[SIAv2] capabilities

Thu Nov 7 02:24:41 PST 2013

Dear List,

On Wed, Nov 06, 2013 at 01:03:51PM -0700, Douglas Tody wrote:
> On Tue, 5 Nov 2013, Patrick Dowler wrote:
> 
> >I have been working on editing the SIAv2 draft, mainly splitting it
> >up into WD-SIA-2.0 which contains the query and metadata
> >capabilities and the WD-AccessData-1.0 which contains sync and
[...]
> We agreed to add a separate AccessData capability (as a separate service
> I think), however it is not clear if this means that there is no longer
> any accessData capability integrated into SIAV2.  If that is your
> intention, then it can only work if this revised AccessData is image
> specific and based upon the ImageDM - otherwise we have no place to put
> the advanced image access capabilities required for large image cubes:
> slice/dice, function computation, data format transformation, etc.  If
> then AccessData is image-specific it is not clear where we put the
> analogous functionality required later for e.g., spectra or time series
> data.

I'd like to dispute that.  With datalink, robust ways of metadata
discovery and conventions involving UCDs all these use cases can
easily be covered by just adding a few (~4) pages to the datalink
specification -- I've still not seen a single use case that couldn't
be satisfied by the mechanisms I proposed in Waikoloa
(http://wiki.ivoa.net/internal/IVOA/InterOpSep2013DAL/datalink-gavo.pdf).

True, compact specifications (as Datalink is now) are nice, but less
specifications are even nicer if they're cheap to get.  And in the
case of processed data services ("accessData" if you will, but
frankly I'm not a big fan of this term), I still maintain all it
takes are those four pages in datalink.  I'd volunteer to start them,
except I'll be terribly busy until early December.

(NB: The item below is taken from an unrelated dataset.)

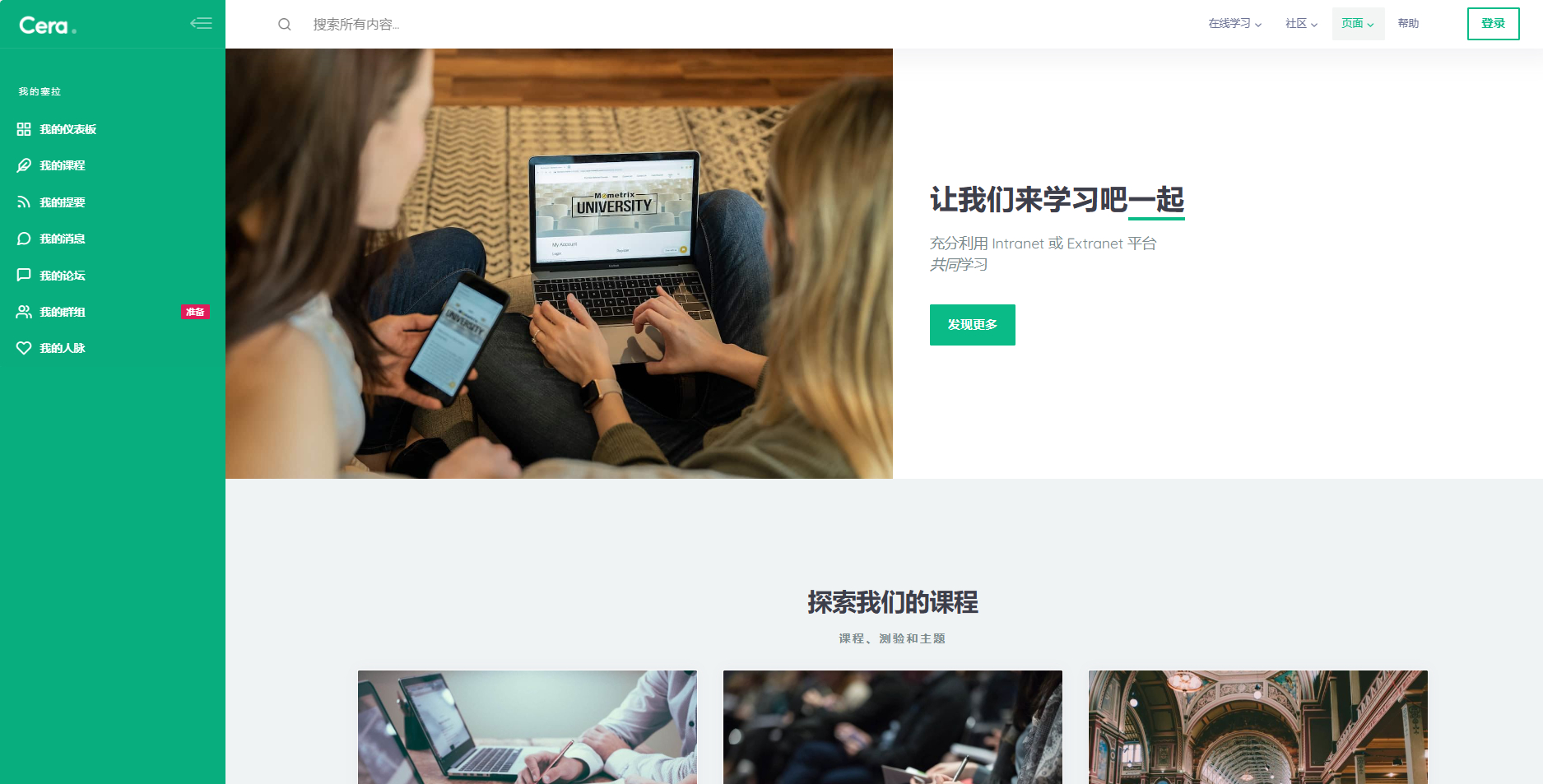 Cera  – 内网WordPress社区主题-协同办公 - 狗凯之家免费源码网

> directly specified by the client.  If stageData is only available as
> part of AccessData it is not clear how information from an acref or
> pubDiD generated by queryData is communicated.  But that is true for

No.  Datalink, at least, is pretty clear about that in its current
draft.

> >1. I defined the {query} capability as a DAI-sync resource that
> >accepts a certain set of params (REQUEST, RESPONSEFORMAT, MAXREC,
> >plus the actual query params). Does anyone feel that we also need a
> >DALI-async query resource for these simple parameter-based queries?
> >(see *)
> 
> Sync is sufficient for this.

Agreed.

> >2. The {metadata} capability returns the complete metadata (as
> >defined by ImageDM) for a single observation discovered via {query}
> >and could also be used with a TAP/ObsCore query response. I have
> >assumed this resource is also a DALI-sync resource and that async
> >is not needed here.
> 
> Sync is all that is required for metadata retrieval.

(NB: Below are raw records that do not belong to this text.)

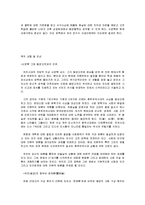 신영복의 나의 동양고전 독법 강의-2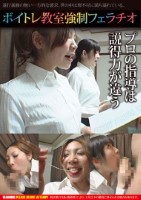 ボイトレ教室強制フェラチオ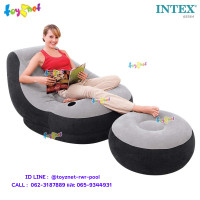 ราคา Intex โซฟาเป่าลม เก้าอี้เป่าลม พร้อมที่วางเท้า อัลทร้าเล้าจน์ 0 99x1 30x0 76 ม รุ่น 68564 (168045746)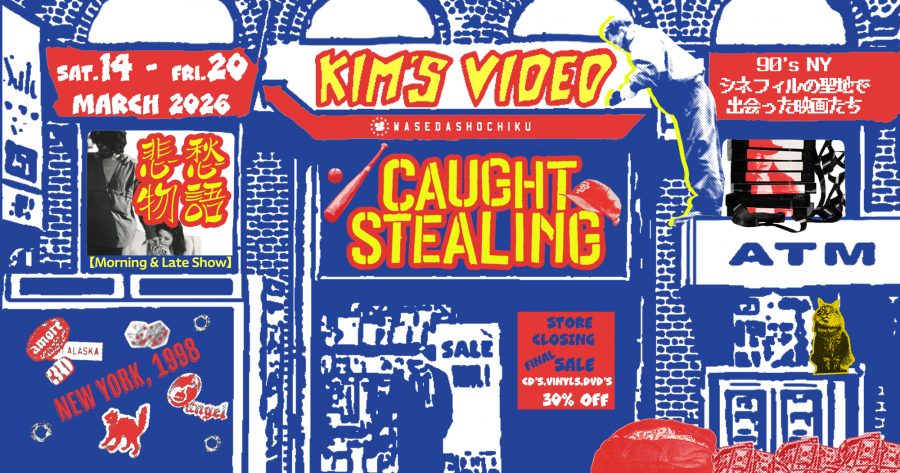 【2026/3/14(土)~3/20(金)上映】『コート・スティーリング』『キムズビデオ』// 特別モーニング&レイトショー『悲愁物語』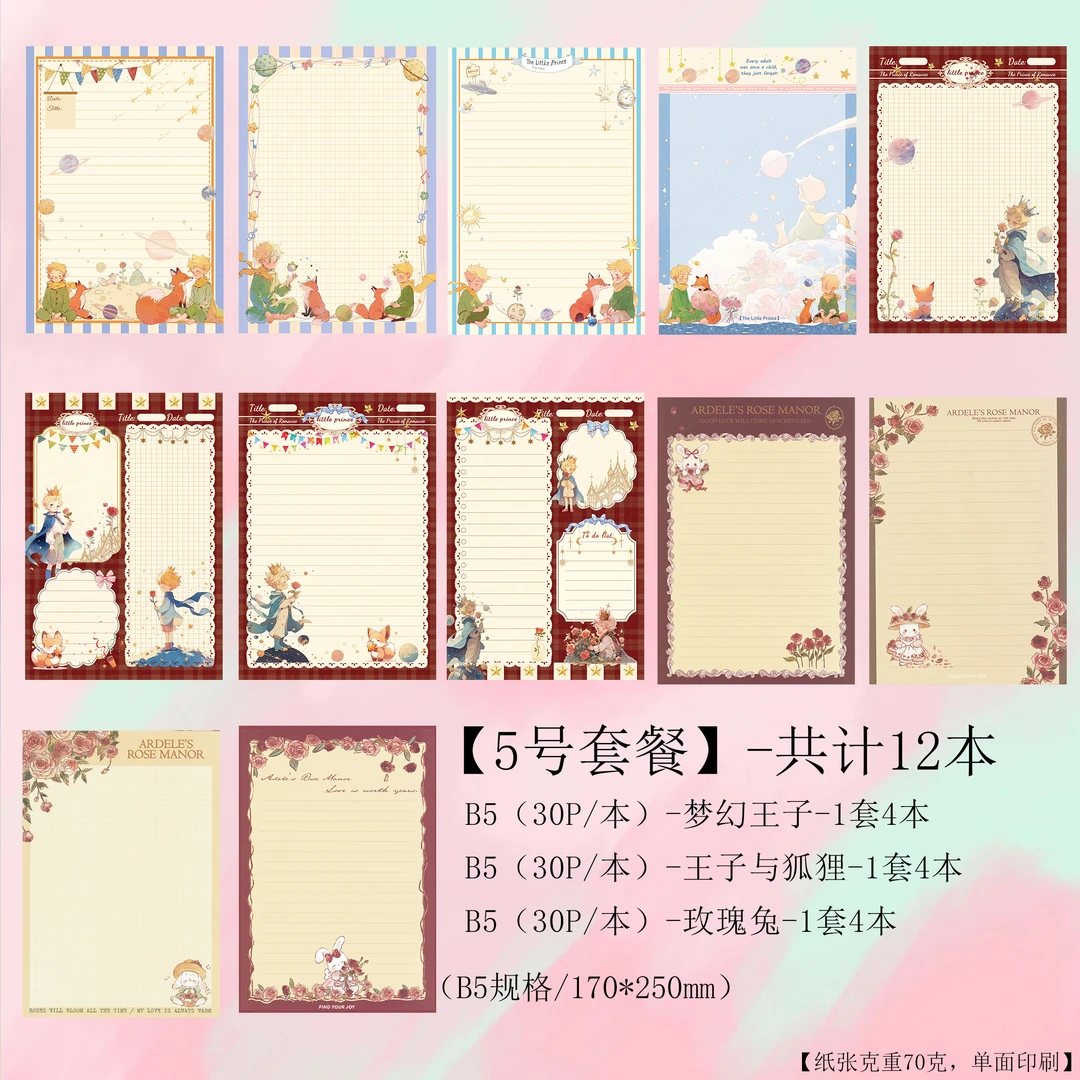B5拍纸本【5号12本】唯美可爱拍纸本学生简约草稿本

Agreed as to the sync.  For whether such an endpoint should exist, I
have more doubts.  I belive datalink services should, were
applicable, be able to return "metadata only" (e.g., FITS headers),
and quite possibly SIAv2 could require subordinate datalink services
to offer that.

The big advantage of this would be that if programs understand the
format of the dataset itself, they will probably easily understand
the FITS headers.

*If* we truly believe we can pull off that many people deliver data in
ImageDM (and bear in mind our SDM experiences), then I believe this
should, again, not be SIAv2 specific, but whatever datamodel metadata
there is should be required to be embedded in a datalink response.
That's straightforward if, as is currently the case, the datalink
response is a VOTable, and ImageDM (or whatever  other DM applicable
to the data) were in VO-DML (as it should be).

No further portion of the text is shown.